Dataset excerpts ▸
● ● ● ● ● ● ●

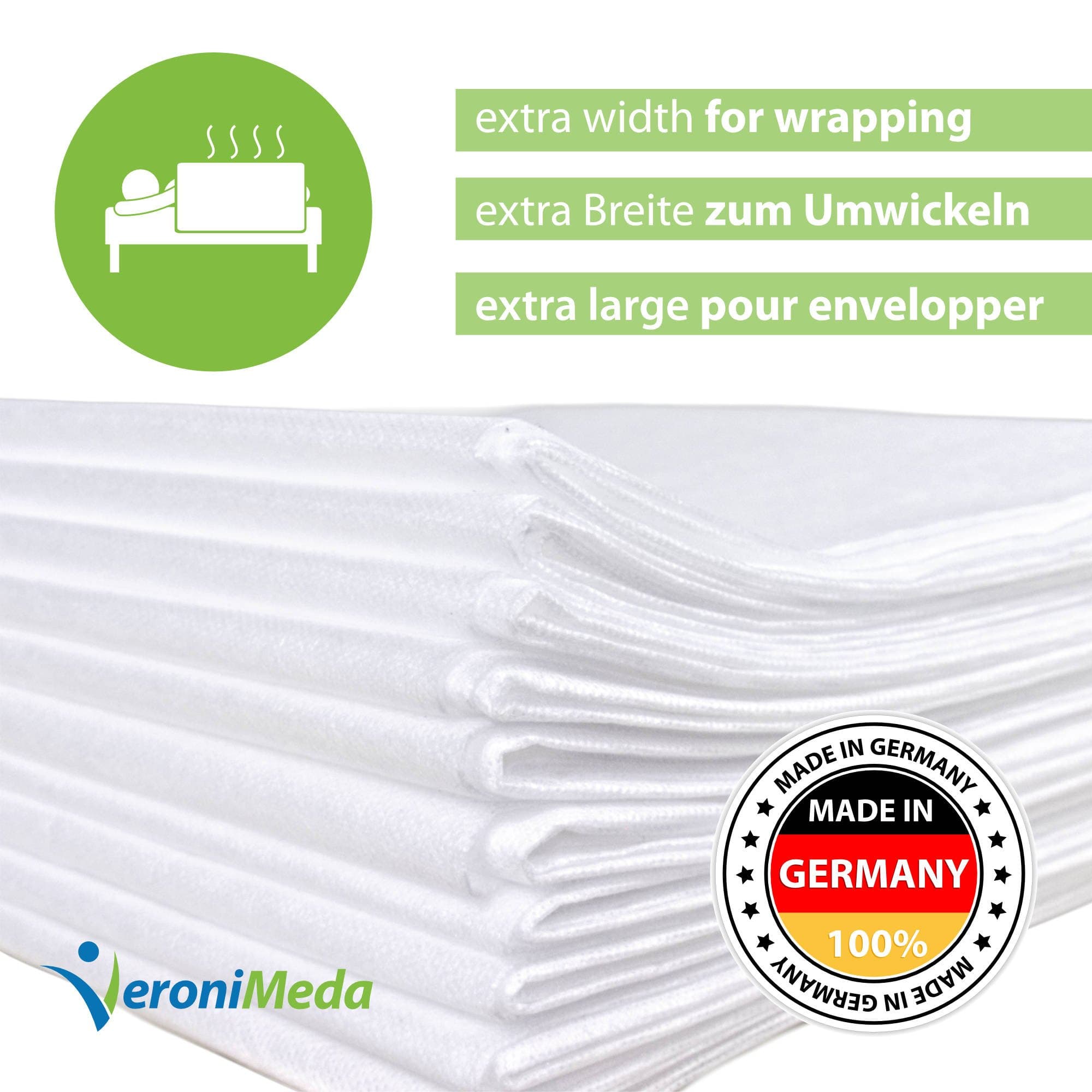 VERONIMEDA – Washable Massage Table Sheets (5 pcs.) / Massage Table Covers (200x160cm)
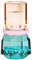 C'EST BON | Kristallhalter | Kerzenhalter | Petrol, pink, pfirsich | 13 x 7 x 7 cm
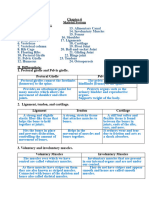 Chapter-6 Skeletal System-Notes of Lesson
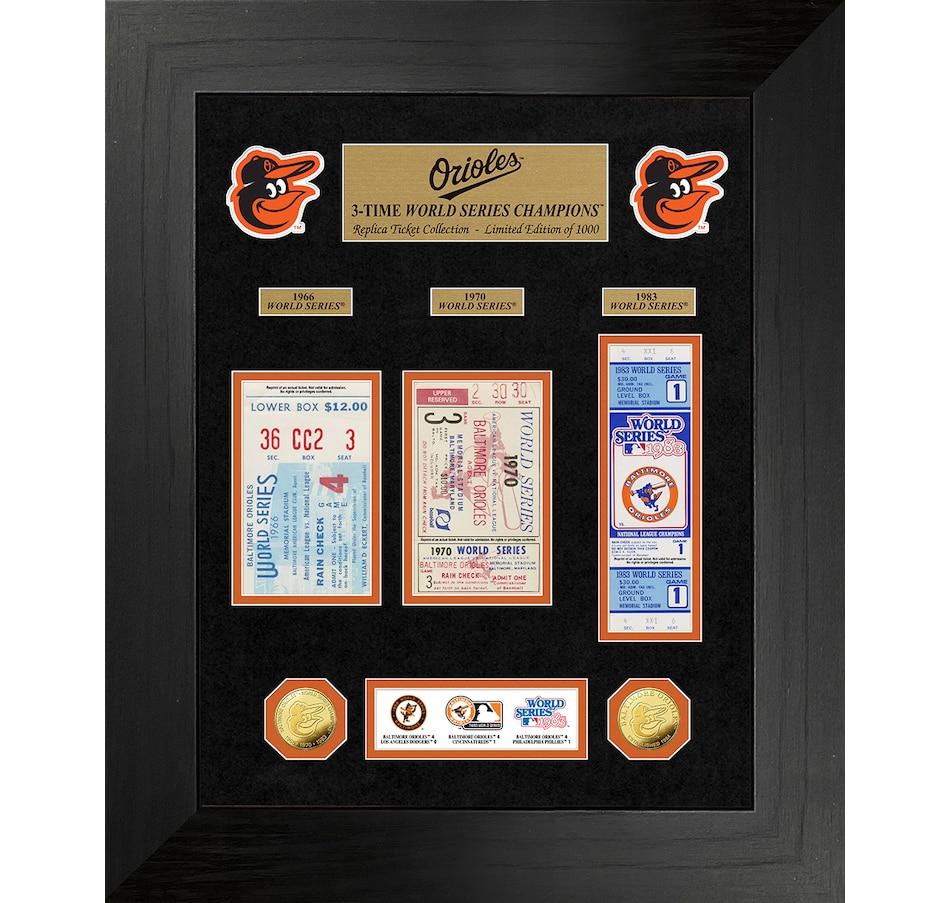 Image 723779.jpg, Product 723-779 / Price $239.99, Baltimore Orioles World Series Deluxe Ticket Collection from Highland Mint on TSC.ca's Sports department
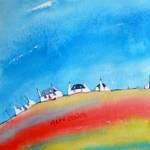 Western Islands Glow watercolour 390x190mm 280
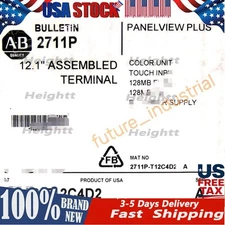 Factory Sealed 2711P-T12C4D2 /A Panelview Pl 2711P-T12C4D2 US Free Tax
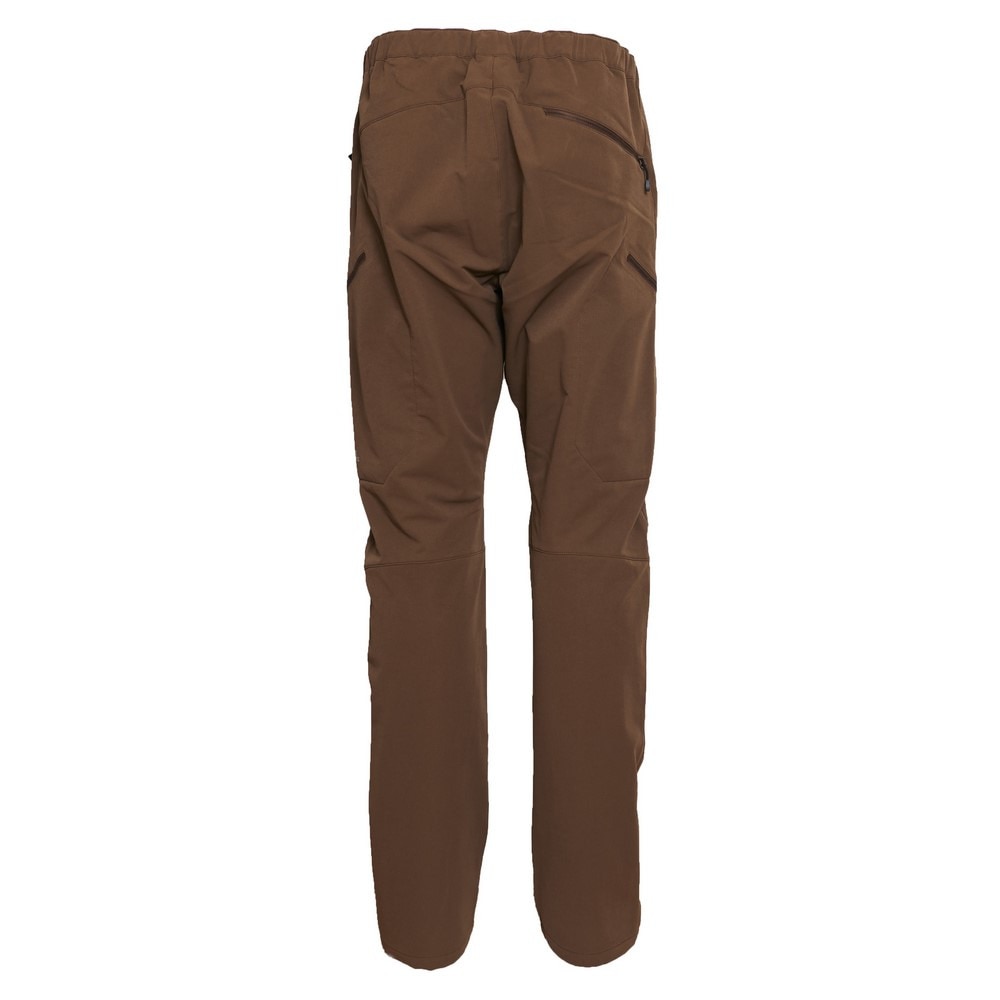 POLEWARDS（メンズ）ストレッチ ファスナー付き マルチポケット トレックサーモリニングパンツ PW2JJD07 KAK カーキ★★★
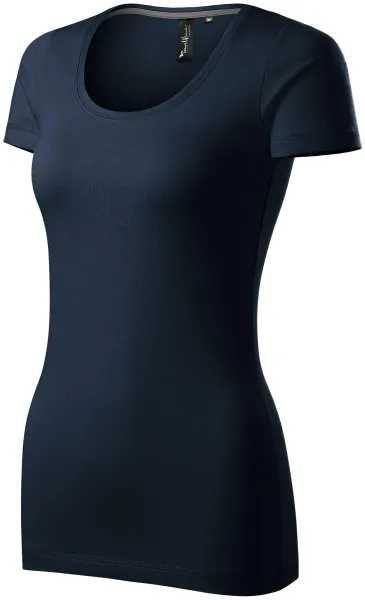 Dames T-shirt met decoratieve stiksels - Dames T-shirt voor dagelijks gebruik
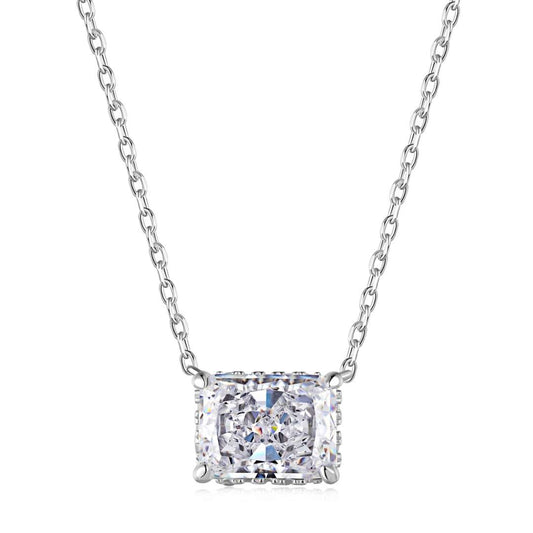 [Solara Jewelry ]Luxuriöse, quadratische, farbenfrohe Halskette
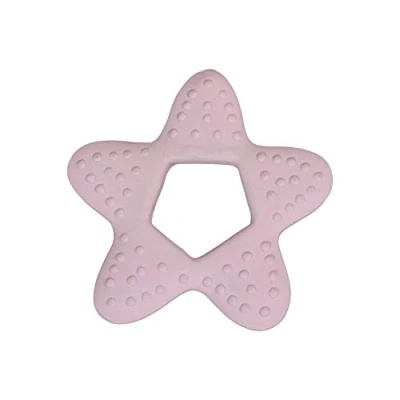 Abbildung von Filibabba® Stern Beißring für Babys Star Teether Naturkautschuk Zahnungshilfe (Light Lavender)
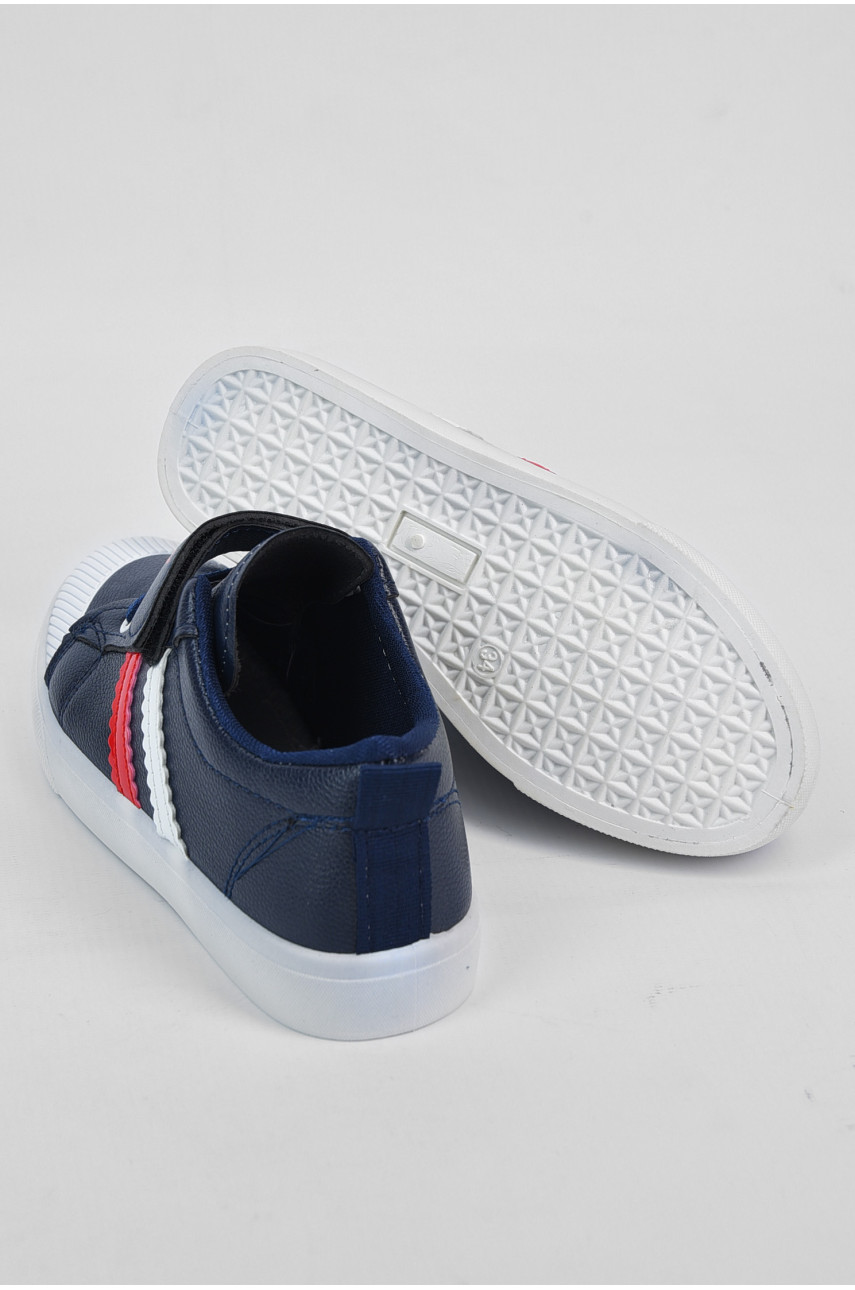 Кеди дитячі темно-синього кольору ліпучці 1962833 194410 Кеди дитячі темно-синього кольору ліпучці 1962833 194410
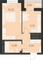 Продажа 1-комнатной квартиры 39,6 м², 20 этаж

● ● ● ● ● ● ●

What to produce ▸ Above are the records; set down exactly the lines from the line containing "Кеди дитячі темно-синього кольору ліпучці 1962833 194410 Кеди" through their last line, leaving every picture out.

Answer box ▸
 Кеди дитячі темно-синього кольору ліпучці 1962833 194410 Кеди дитячі темно-синього кольору ліпучці 1962833 194410
 Продажа 1-комнатной квартиры 39,6 м², 20 этаж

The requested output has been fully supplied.